AIM OF THE EXERCISE:
The line with "Kitchen - 4619" marks where to begin. Please copy it and each line after it to the end of the records below, exactly.

Stored items from a collection

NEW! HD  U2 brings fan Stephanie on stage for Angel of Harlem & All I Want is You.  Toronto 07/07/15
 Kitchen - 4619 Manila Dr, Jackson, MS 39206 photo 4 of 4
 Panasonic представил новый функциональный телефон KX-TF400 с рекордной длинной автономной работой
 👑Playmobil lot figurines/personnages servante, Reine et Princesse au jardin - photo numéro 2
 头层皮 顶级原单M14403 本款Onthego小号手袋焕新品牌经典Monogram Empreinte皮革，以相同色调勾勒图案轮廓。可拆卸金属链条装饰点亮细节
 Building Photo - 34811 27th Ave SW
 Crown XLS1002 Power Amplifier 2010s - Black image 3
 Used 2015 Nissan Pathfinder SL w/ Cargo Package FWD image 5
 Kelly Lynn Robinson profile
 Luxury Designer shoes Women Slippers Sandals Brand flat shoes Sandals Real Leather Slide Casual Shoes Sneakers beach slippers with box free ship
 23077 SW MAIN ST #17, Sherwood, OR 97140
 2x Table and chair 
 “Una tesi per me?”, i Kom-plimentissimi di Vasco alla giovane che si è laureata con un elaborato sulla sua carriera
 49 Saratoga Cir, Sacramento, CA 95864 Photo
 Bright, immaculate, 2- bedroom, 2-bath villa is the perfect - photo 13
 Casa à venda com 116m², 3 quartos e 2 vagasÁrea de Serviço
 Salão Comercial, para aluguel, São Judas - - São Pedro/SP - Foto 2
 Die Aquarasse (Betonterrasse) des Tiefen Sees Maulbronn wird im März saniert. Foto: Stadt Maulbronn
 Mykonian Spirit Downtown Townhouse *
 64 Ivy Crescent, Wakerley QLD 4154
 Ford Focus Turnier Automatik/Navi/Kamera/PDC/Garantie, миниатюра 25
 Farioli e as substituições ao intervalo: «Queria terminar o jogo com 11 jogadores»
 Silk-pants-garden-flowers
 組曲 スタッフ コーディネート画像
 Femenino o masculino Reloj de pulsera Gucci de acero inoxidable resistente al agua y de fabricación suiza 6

PROBLEM SOLUTION:
 Kitchen - 4619 Manila Dr, Jackson, MS 39206 photo 4 of 4
 Panasonic представил новый функциональный телефон KX-TF400 с рекордной длинной автономной работой
 👑Playmobil lot figurines/personnages servante, Reine et Princesse au jardin - photo numéro 2
 头层皮 顶级原单M14403 本款Onthego小号手袋焕新品牌经典Monogram Empreinte皮革，以相同色调勾勒图案轮廓。可拆卸金属链条装饰点亮细节
 Building Photo - 34811 27th Ave SW
 Crown XLS1002 Power Amplifier 2010s - Black image 3
 Used 2015 Nissan Pathfinder SL w/ Cargo Package FWD image 5
 Kelly Lynn Robinson profile
 Luxury Designer shoes Women Slippers Sandals Brand flat shoes Sandals Real Leather Slide Casual Shoes Sneakers beach slippers with box free ship
 23077 SW MAIN ST #17, Sherwood, OR 97140
 2x Table and chair 
 “Una tesi per me?”, i Kom-plimentissimi di Vasco alla giovane che si è laureata con un elaborato sulla sua carriera
 49 Saratoga Cir, Sacramento, CA 95864 Photo
 Bright, immaculate, 2- bedroom, 2-bath villa is the perfect - photo 13
 Casa à venda com 116m², 3 quartos e 2 vagasÁrea de Serviço
 Salão Comercial, para aluguel, São Judas - - São Pedro/SP - Foto 2
 Die Aquarasse (Betonterrasse) des Tiefen Sees Maulbronn wird im März saniert. Foto: Stadt Maulbronn
 Mykonian Spirit Downtown Townhouse *
 64 Ivy Crescent, Wakerley QLD 4154
 Ford Focus Turnier Automatik/Navi/Kamera/PDC/Garantie, миниатюра 25
 Farioli e as substituições ao intervalo: «Queria terminar o jogo com 11 jogadores»
 Silk-pants-garden-flowers
 組曲 スタッフ コーディネート画像
 Femenino o masculino Reloj de pulsera Gucci de acero inoxidable resistente al agua y de fabricación suiza 6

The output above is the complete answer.